The Aromatics and Acetyls business is managed along three main products lines: PTA, PX, and Acetic Acid. PTA is a raw material for the manufacture of polyesters used in textiles, plastic bottles, fibres and films. PX is feedstock for the production of PTA. Acetic acid is a versatile chemical used in a variety of products such as paints, adhesives, and solvents. It is also used in the production of PTA. In addition to these three main products, we are involved in a number of other petrochemicals products namely napthalene dicarboxylate (NDC) which is used for photographic film and specialized packaging and ethyl acetate and vinyl acetate monomer (VAM) which are used in coatings and textile application.
Our Aromatics and Acetyls strategy is to invest to maintain our advantaged manufacturing positions globally, with an emphasis on Asia growth, particularly in China.

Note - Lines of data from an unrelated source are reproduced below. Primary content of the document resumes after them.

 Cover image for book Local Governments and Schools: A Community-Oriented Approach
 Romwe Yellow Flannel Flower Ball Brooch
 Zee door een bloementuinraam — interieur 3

We also work to advance our technology leadership position to yield both operating and capital cost advantages.
The following table shows BP production capacity at December 31, 2005. This production capacity is based on original design capacity of the plants plus expansions.

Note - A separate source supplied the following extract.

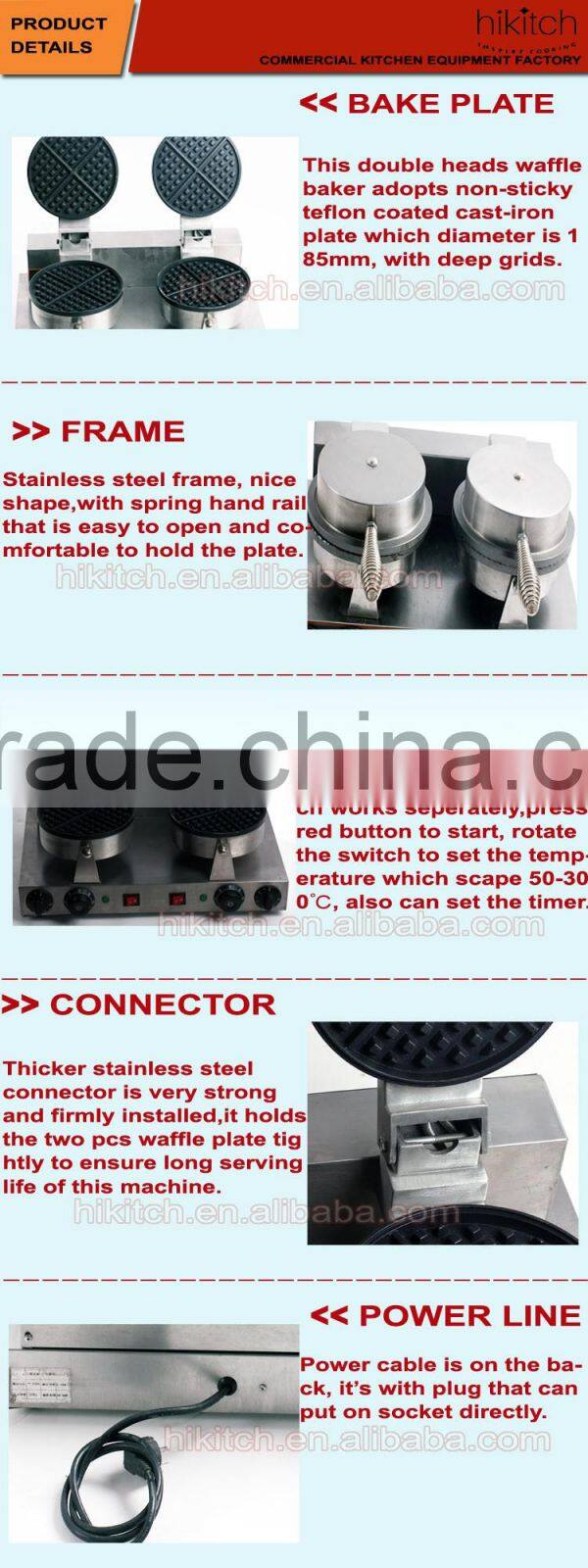 Stainless steel double head industrial waffle maker electric waffle baker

Further to the establishment of the BP YPC Acetyls Company and the plans for a second PTA plant at the BP Zhubai Chemical Company Limited site in Guandong Province, China, described previously, the following portfolio activity took place in the Aromatics and Acetyls business during the year:
Supply and Trading
The Group has a long established supply and trading activity responsible for delivering value across the overall crude and oil products supply chain. This activity identifies the best markets and prices for our crude oil, sources optimal feedstock to our refining assets and sources marketing activities with flexible and competitive supply. Additionally, the function creates incremental trading gains through holding commodity derivative contracts and trading inventory. To achieve these objectives in a liquid and volatile international market the Group enters into a range of commodity derivative contracts including exchange traded futures and options, over-the-counter options, swaps and forward contracts as well as physical term and spot contracts.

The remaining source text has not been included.